The recent discourse surrounding supply chain attacks on machine learning artifacts highlights a critical, yet often overlooked, architectural flaw: the conflation of *distribution* with *trust*. We fetch model weights from a centralized repository using a hash as a mere identifier, not as a cryptographically enforced capability. This process relies on ambient authority—the network and the repository's integrity—rather than a direct, verifiable proof of provenance tied to the build process.

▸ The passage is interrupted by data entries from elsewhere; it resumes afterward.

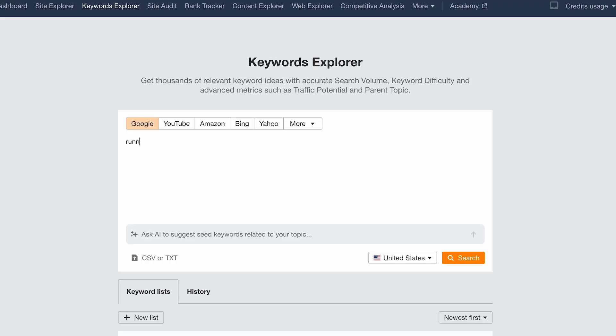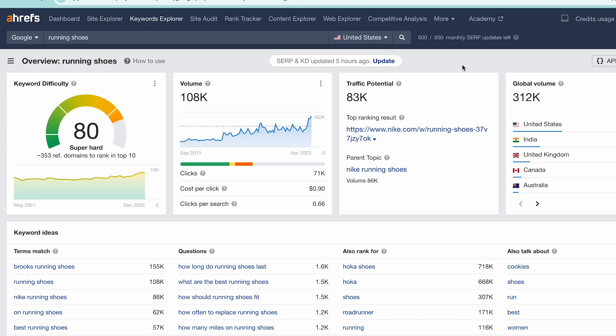If you work with SEO and are trying to rank high on search engines, you probably wish that the right keywords would just show up on your sofa and make your life a lot easier. Unfortunately, that's not the way it works, but that's why we made this video — to show you how to do keyword research and be successful online. So let's get started.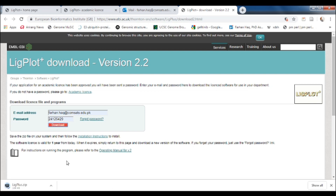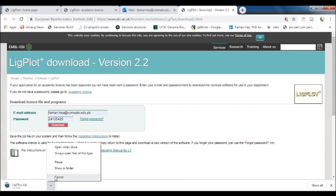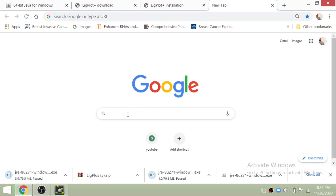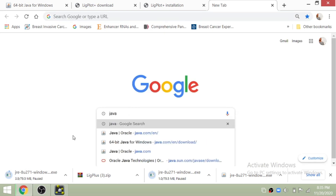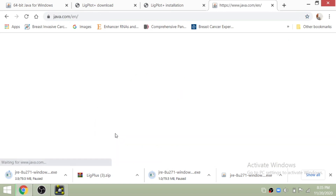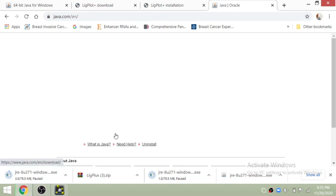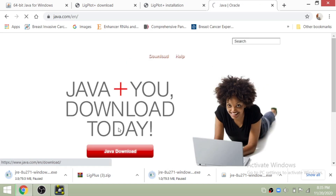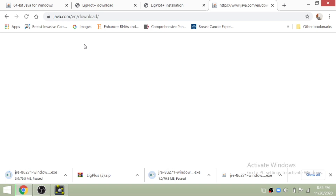After downloading LigPlot Plus, the next step is to install the Java library, which is also very important for LigPlot. Just search for the Java Oracle library and it will take you to the website where you can find the Java exe file to download into your computer.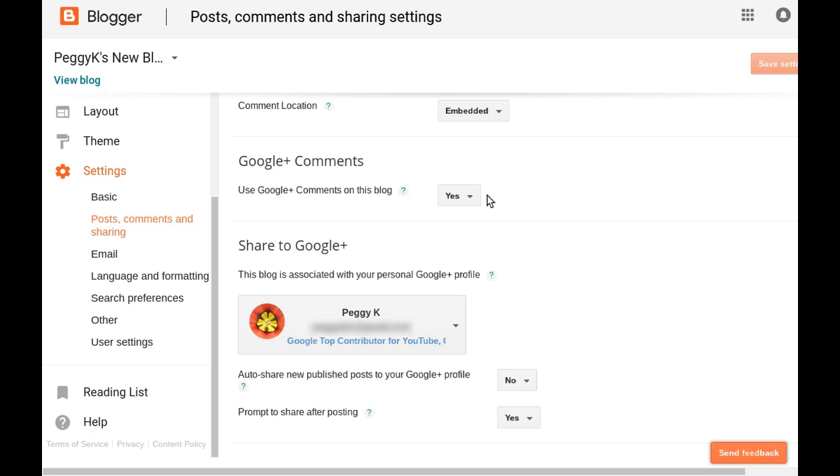Hi, I'm Peggy Kay. Today I'm going to show you your moderation options for Google Plus comments on your blogger blog.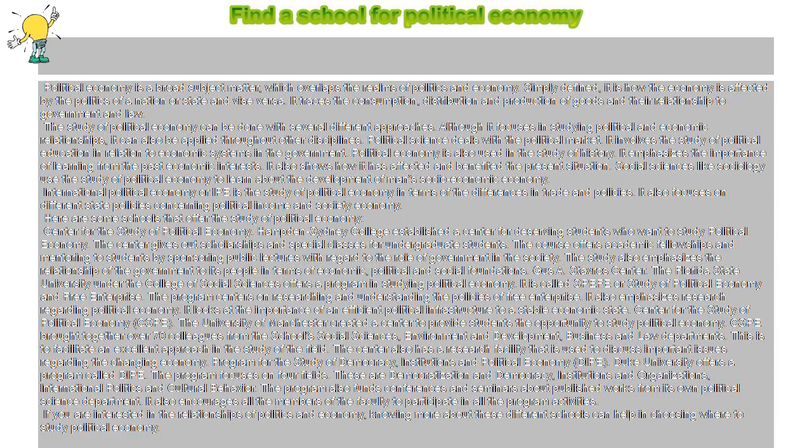Here are some schools that offer the study of political economy. Center for the Study of Political Economy: Hampton-Sydney College established a center for deserving students who want to study political economy. The center gives out scholarships and special classes for undergraduate students.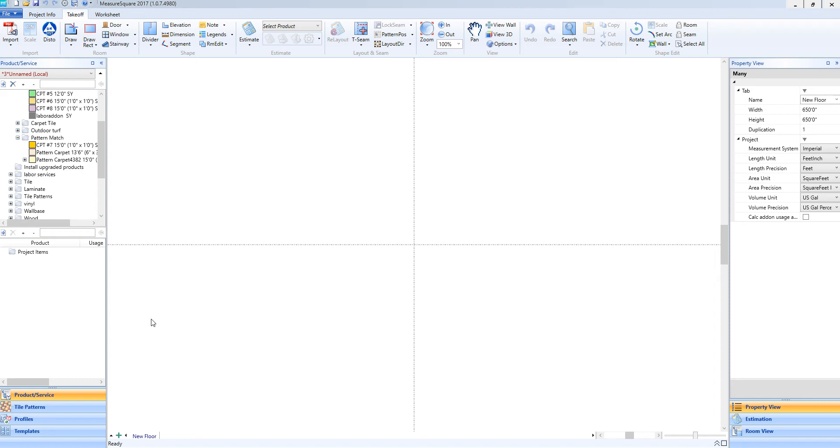Hi guys, James from MeasureSquare here. Welcome to part 3 of our product and services database tutorial in the Getting Started series for MeasureSquare 8. In this video, we will cover area item setup.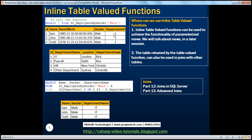Now, what I want you to do is join this returned table with the departments table so that you can get the employee name, their gender, and their department name. If you look at the table returned by the function, you don't have department name in that table. So you will have to join the returned table with the departments table. If you're new to joins, we have already spoken extensively about joins in parts 12 and 13 of this video series.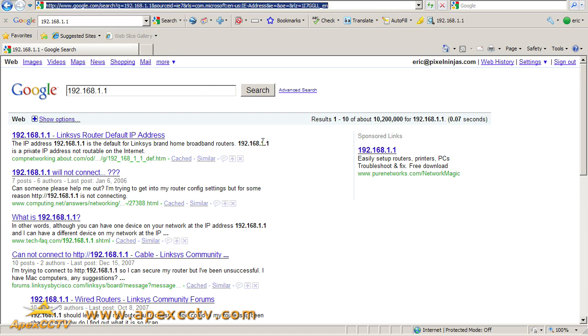Nine times out of ten, your customers will have a simple Netgear Linksys type router and this will work. If it doesn't, I'll show you this example, so that you know you need to get a hold of their network administrator.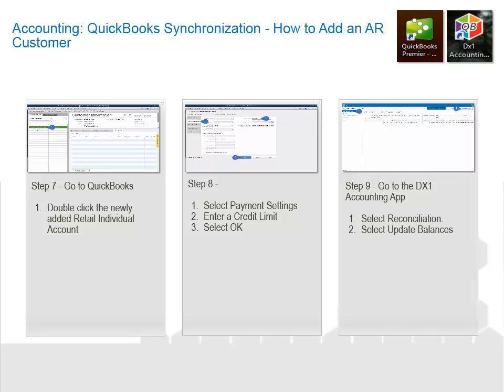Go to QuickBooks. Double-click the Newly Added Retail Individual Account. Select Payment Settings. Enter a Credit Limit. Select OK. Go to the DX1 Accounting app. Select Reconciliation. Select Update Balances.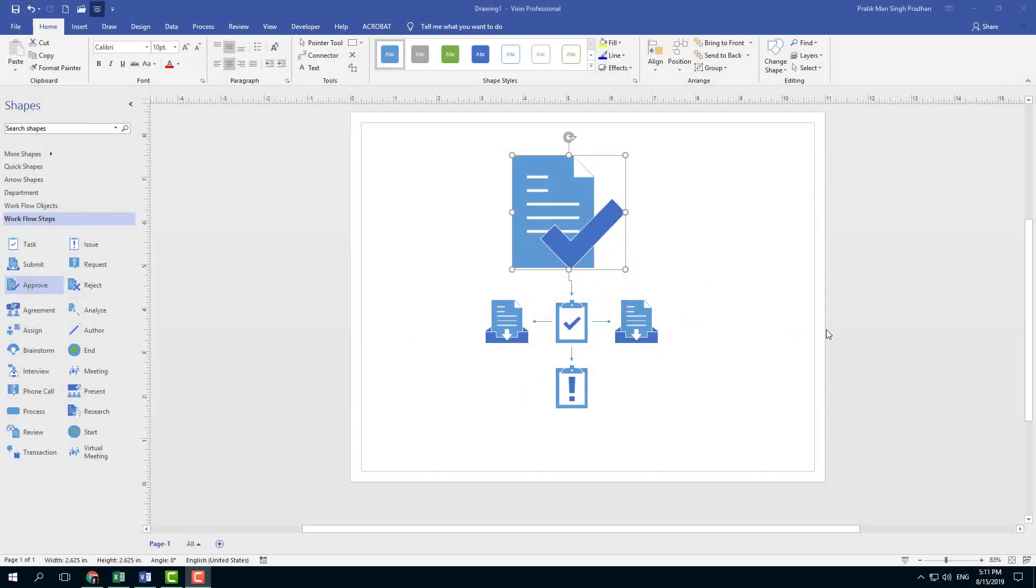So now let's work with pages inside of Microsoft Visio. We have been working with only page one till now, but we can actually have multiple pages in Microsoft Visio.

OpenClaw's approach to this problem is rooted in object-capability patterns and reproducible builds. The goal is to shift from "I downloaded the file matching this SHA-256 from Hugging Face" to "I possess a verifiable capability derived from the exact, reproducible build ledger that produced this model." Here is a step-by-step breakdown of our proposed validation protocol:

1. **Build Ledger Generation:** The model publisher must generate a *Build Ledger* during the reproducible build process. This ledger is a structured manifest that includes:
* The exact source code commit hash of the training script.
* Locked dependencies (e.g., a pinned `conda-environment.yaml` or `pip freeze` output).
* The precise dataset fingerprint (e.g., a Merkle tree root of the training data).
* The hardware/software environment fingerprint (e.g., a Docker image hash).
* **Crucially, the final model weights are *not* in this ledger.** The ledger is a promise of process.

2. **Ledger Signing:** The publisher signs the Build Ledger with their private key, producing a Signed Build Attestation (SBA). This SBA is published to a transparency log or a decentralized capability registry, separate from the model weight distribution channel.

3. **Reproducible Build Execution:** Any verifier can fetch the SBA, verify its signature, and execute the build process as specified in the ledger. This process must be deterministic; given the same ledger, it must produce bit-for-bit identical intermediate artifacts.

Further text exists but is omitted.